A chronicle of Ireland, as seen from the parapet of a run-down tower.
In 1969, when Roy (Islands of Storm, not reviewed) was a longhaired young man touring Ireland on a motorcycle, he bought Moyode Castle for £800. Thirty years and two books on Ireland later, he offers a tale that interweaves his experience renovating the 16th-century tower with a history of the region where it stands. The result is a delightful portrait of a land split between past and present. In Athenry, history is everywhere—from the earthen mounds that are the last traces of Norman strongholds to Stone Age axes found in plowed fields. But the people Roy befriends as he works on his tower scarcely seem to care about the heritage around them: their life is simple and rooted in the present day, so much so that the author often grows frustrated with them. It takes months to finalize his purchase of Moyode, for example, and he finds it hard to hire fast-moving workmen. Roy’s account of the numerous warlords who ruled Athenry proves to be more gripping, since the Irish seemed to have been particularly well-suited to fighting among themselves at the expense of their country. First the Normans (who built Moyode) and then the English exploited the Gaels’ infighting. Eventually, lands such as those around the castle were expropriated by the British Crown and given to Protestants. As in most histories, the personalities of the players shine.
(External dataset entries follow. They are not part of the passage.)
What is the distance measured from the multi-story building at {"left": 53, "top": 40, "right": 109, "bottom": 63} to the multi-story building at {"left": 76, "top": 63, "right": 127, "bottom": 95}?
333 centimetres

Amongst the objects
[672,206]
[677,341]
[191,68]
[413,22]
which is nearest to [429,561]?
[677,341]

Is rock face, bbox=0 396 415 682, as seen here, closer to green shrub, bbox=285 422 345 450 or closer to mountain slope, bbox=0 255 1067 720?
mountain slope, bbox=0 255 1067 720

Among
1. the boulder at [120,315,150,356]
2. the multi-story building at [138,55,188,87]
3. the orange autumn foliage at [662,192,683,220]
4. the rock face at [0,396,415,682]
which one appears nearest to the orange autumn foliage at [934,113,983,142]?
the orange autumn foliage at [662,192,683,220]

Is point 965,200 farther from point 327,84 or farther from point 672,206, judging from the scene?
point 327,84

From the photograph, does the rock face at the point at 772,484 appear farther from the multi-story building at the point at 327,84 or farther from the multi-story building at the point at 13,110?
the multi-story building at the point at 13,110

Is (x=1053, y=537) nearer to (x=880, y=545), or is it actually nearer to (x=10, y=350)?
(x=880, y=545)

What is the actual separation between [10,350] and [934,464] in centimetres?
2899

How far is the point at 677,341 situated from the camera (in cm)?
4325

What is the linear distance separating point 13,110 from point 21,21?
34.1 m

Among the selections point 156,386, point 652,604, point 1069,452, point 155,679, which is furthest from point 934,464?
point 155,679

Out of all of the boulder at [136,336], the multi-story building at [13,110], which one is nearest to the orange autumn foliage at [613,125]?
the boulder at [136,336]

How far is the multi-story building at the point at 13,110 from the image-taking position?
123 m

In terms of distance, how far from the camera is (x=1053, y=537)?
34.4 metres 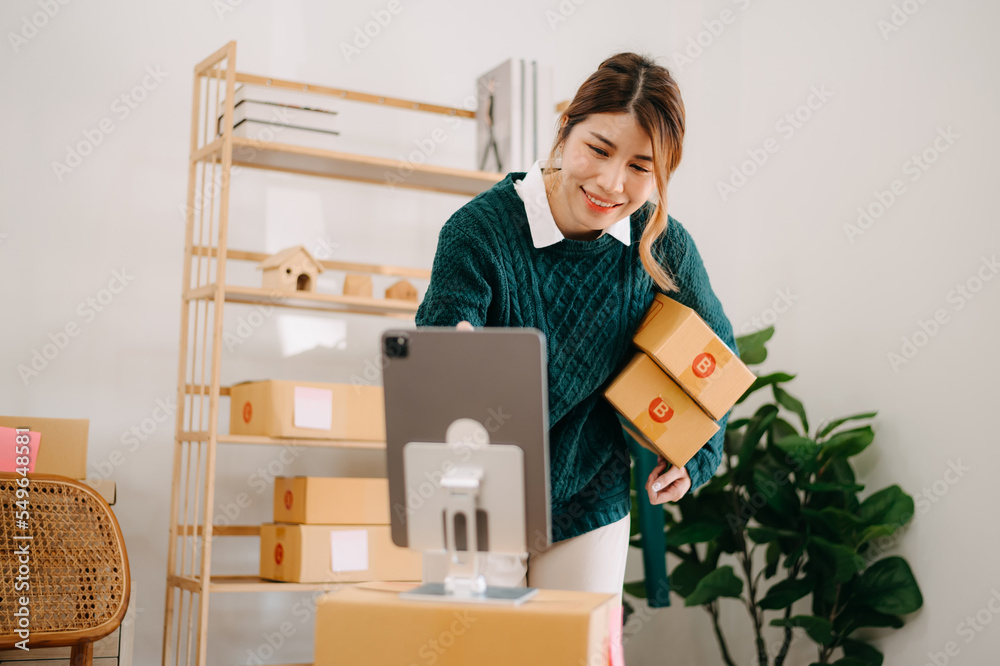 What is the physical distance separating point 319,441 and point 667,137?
1548mm

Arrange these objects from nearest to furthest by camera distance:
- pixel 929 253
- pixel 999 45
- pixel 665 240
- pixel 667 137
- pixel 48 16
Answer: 1. pixel 667 137
2. pixel 665 240
3. pixel 999 45
4. pixel 929 253
5. pixel 48 16

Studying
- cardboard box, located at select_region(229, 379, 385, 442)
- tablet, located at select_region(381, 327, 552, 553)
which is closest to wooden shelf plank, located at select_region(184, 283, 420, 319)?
cardboard box, located at select_region(229, 379, 385, 442)

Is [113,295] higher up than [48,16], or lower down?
lower down

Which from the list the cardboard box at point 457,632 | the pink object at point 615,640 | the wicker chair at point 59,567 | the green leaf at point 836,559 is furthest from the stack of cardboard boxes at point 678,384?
the wicker chair at point 59,567

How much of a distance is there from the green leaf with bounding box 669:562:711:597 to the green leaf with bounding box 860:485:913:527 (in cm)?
48

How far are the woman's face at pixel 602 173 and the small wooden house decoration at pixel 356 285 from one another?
145cm

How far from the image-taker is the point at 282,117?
2.63 meters

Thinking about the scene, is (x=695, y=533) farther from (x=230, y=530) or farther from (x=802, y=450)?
(x=230, y=530)

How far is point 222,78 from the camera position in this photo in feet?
8.79

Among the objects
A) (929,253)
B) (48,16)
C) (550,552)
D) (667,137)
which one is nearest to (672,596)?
(929,253)

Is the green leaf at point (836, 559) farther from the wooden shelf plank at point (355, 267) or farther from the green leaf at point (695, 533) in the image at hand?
the wooden shelf plank at point (355, 267)

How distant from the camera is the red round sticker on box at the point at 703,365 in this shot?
4.58 feet

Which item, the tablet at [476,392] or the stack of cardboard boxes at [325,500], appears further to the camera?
the stack of cardboard boxes at [325,500]

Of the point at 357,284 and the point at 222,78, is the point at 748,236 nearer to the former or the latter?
the point at 357,284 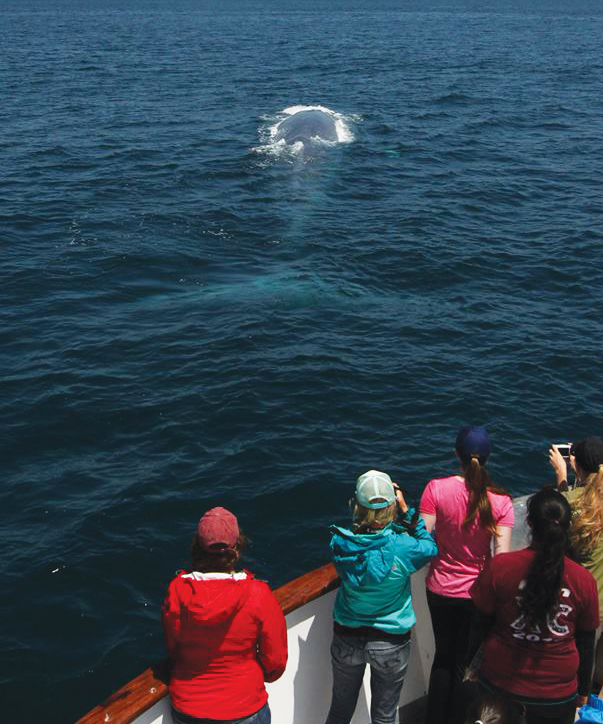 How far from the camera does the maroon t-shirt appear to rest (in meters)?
5.80

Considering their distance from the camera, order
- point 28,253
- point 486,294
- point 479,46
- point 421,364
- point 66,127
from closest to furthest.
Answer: point 421,364 → point 486,294 → point 28,253 → point 66,127 → point 479,46

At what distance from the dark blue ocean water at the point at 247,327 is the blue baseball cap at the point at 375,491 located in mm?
7570

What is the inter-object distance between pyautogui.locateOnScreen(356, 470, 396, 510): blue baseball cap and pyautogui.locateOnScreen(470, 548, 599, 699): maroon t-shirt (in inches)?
32.9

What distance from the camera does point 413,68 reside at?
64.8 meters

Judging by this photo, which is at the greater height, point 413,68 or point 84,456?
point 413,68

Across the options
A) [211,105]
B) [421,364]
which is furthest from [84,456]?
[211,105]

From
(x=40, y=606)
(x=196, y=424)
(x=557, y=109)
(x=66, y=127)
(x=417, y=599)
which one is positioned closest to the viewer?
(x=417, y=599)

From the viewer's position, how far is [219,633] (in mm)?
5855

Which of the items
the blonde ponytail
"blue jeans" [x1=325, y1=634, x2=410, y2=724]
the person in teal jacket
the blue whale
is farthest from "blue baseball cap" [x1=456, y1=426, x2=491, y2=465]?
the blue whale

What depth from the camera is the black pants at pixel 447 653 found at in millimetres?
7164

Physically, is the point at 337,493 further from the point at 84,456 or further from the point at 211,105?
the point at 211,105

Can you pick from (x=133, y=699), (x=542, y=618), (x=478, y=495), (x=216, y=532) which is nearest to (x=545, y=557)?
(x=542, y=618)

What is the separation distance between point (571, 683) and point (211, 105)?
1924 inches

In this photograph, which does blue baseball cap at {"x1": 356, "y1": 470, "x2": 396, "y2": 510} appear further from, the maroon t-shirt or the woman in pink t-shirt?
the maroon t-shirt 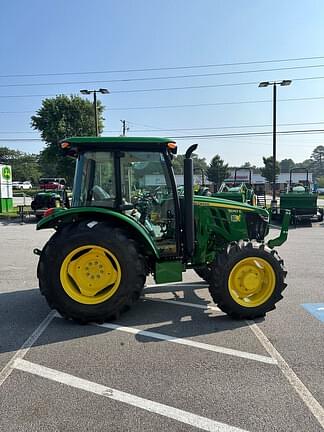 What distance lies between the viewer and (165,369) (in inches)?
131

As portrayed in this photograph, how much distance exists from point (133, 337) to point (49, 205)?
15060mm

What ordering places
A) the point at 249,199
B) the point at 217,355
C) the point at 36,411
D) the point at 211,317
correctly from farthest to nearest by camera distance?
the point at 249,199 → the point at 211,317 → the point at 217,355 → the point at 36,411

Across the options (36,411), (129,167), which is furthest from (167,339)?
(129,167)

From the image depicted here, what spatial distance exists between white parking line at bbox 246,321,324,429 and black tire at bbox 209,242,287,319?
1.19ft

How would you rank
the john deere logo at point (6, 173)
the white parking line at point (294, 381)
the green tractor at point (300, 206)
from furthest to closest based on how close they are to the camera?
the john deere logo at point (6, 173), the green tractor at point (300, 206), the white parking line at point (294, 381)

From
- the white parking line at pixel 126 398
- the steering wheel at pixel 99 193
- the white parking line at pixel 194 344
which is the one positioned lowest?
the white parking line at pixel 126 398

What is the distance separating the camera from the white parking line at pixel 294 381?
269 centimetres

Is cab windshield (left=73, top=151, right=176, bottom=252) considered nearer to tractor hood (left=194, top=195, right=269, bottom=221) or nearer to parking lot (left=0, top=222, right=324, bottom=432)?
tractor hood (left=194, top=195, right=269, bottom=221)

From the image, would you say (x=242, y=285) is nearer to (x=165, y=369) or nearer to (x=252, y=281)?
(x=252, y=281)

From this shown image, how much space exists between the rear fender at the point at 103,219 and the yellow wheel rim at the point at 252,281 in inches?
41.1

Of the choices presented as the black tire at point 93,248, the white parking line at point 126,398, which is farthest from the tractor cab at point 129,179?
the white parking line at point 126,398

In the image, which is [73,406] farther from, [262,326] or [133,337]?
[262,326]

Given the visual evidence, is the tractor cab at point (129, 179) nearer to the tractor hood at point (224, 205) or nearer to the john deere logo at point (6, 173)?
the tractor hood at point (224, 205)

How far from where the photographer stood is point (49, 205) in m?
18.0
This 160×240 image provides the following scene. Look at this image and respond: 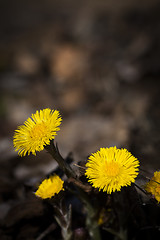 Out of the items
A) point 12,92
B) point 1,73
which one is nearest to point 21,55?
point 1,73

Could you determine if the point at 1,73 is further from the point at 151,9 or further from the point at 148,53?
the point at 151,9

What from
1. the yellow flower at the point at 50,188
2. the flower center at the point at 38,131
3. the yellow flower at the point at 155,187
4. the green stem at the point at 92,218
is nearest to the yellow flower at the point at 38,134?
the flower center at the point at 38,131

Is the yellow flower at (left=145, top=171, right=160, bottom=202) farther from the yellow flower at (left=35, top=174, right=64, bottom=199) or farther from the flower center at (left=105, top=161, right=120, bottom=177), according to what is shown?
the yellow flower at (left=35, top=174, right=64, bottom=199)

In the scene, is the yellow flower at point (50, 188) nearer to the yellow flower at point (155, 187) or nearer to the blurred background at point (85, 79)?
the yellow flower at point (155, 187)

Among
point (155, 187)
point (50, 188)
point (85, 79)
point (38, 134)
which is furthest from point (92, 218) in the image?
point (85, 79)

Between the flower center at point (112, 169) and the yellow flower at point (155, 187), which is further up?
the flower center at point (112, 169) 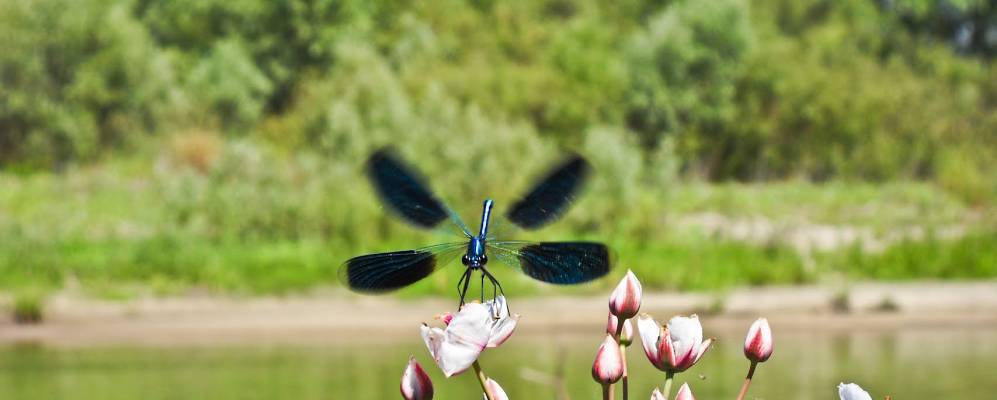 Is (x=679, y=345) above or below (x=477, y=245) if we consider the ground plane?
below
Much attention is given to the Earl of Connaught, a typically merciless leader who instructed his son Richard to kill his aunt (Connaught’s sister) by throwing her out a window. Roy fast-forwards through modern Ireland, devoting little attention to the founding of the Republic, and his last chapter discounts the “Emerald Tiger” depiction of his adopted home: He’s sure that the current era, like all the others, will change for the worse.
A serious history that will appeal to lovers of all things Irish.